Records provided.
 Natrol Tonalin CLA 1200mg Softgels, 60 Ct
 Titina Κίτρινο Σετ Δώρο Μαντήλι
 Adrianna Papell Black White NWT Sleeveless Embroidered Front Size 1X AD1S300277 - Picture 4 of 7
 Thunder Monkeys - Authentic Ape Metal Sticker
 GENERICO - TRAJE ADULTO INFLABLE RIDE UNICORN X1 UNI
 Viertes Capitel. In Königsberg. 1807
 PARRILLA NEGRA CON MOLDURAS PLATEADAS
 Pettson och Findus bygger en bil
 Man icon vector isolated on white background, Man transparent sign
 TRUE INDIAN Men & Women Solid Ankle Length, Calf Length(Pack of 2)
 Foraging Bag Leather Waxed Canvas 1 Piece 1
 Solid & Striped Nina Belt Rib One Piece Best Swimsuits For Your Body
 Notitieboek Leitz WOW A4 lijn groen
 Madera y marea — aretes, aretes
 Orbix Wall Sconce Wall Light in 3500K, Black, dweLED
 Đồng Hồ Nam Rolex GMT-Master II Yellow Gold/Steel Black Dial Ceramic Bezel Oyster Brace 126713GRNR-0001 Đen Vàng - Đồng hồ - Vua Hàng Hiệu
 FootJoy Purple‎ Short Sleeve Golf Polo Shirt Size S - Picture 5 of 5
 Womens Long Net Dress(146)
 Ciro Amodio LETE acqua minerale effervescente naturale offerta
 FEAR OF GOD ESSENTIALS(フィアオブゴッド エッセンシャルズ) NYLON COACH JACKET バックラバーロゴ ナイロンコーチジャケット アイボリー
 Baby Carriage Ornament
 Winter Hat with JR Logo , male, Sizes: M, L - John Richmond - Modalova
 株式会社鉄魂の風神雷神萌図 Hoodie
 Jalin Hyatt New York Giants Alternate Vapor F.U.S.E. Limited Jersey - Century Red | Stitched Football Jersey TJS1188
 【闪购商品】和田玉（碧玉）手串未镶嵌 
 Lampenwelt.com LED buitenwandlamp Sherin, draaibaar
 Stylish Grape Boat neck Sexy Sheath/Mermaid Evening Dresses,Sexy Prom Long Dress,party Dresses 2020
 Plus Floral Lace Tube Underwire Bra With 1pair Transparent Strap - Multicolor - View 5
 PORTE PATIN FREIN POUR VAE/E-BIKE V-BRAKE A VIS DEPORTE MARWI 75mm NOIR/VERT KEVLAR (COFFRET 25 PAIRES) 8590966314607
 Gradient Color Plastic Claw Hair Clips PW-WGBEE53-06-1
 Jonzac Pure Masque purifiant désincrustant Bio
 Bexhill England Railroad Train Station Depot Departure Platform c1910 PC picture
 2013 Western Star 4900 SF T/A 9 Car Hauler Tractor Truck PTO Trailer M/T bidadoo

Work to complete.
Look through the material above for the word "Piece" and copy every line that has it.

Response box.
 Foraging Bag Leather Waxed Canvas 1 Piece 1
 Solid & Striped Nina Belt Rib One Piece Best Swimsuits For Your Body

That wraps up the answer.